Обзор региональных особенностей распространения российского среднего образования позволяет сделать следующее заключение: среднее образование в европейской части империи запаздывало в своем развитии именно в тех областях, где оно было нужнее всего для успешного национально-государственного строительства, — на западных окраинах и в восточной части европейской территории. В западных губерниях правительственная политика была четко направлена на торможение развития среднего образования, поскольку правительство видело очевидную угрозу в проникновении в среднюю и особенно высшую школу большого числа польских шляхтичей.
Южные губернии, напротив, представляли собой быстро развивающийся регион, где разрыв между сельской и городской средой был не столь явно выражен. Дворянство и чиновничество здесь имело самые большие преимущества в сравнении с остальным населением. Однако разрыв между привилегированным сословием и остальной массой населения на юге неуклонно сокращался. Полоса черноземных губерний, протянувшаяся от Орла и Курска на восток к Волге, несмотря на развитие сети мужских средних учебных заведений Министерства народного просвещения в этом регионе, оказывалась — с точки зрения доступности образования для непривилегированных слоев — зоной, отстающей в своем развитии как от севера, так и от юга России.
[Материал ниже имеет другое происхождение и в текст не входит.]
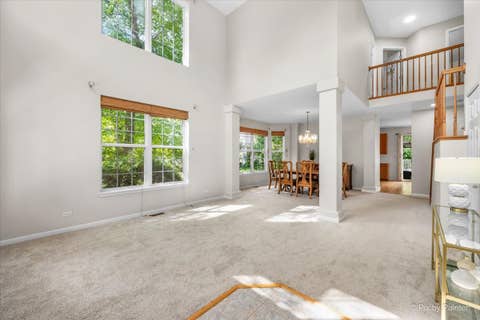Tiny photo for 2896 Davenport Drive, West Chicago, IL 60185 (MLS # 12668076)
К середине 1880-х годов в Российской империи высшие администраторы все еще оперировали сословными и конфессиональными категориями — это были единственные существовавшие в их языке понятия для определения и классификации различных групп и слоев населения. Однако такие понятия все менее подходили для описания быстро меняющейся общественной жизни, и история подготовки печально известного «циркуляра о кухаркиных детях» 1887 г. (об ограничении доступа в классические гимназии детям из низших слоев общества) наглядно иллюстрирует именно эту проблему.
Руководство Министерства народного просвещения так и не пришло к пониманию необходимости развития реального сектора образования. Оно не принимало никаких действенных мер для того, чтобы развивать и поддерживать отличные от классического типы среднего образования, которые потенциально могли бы принять на себя приток низших социальных слоев в этот сектор образования и таким образом способствовать превращению классической гимназии в действительно элитарную школу.
Техническое профессиональное образование в 1880-е годы находилось еще в зачаточном состоянии. Вообще в конце этого десятилетия реальное образование в Европе (но не в Америке!) претерпевало характерный «сдвиг в сторону общего характера», описанный Ф. Рингером применительно к Германии и Франции. Иными словами, программа реального училища стала более академичной, специализированные профессиональные отделения были упразднены.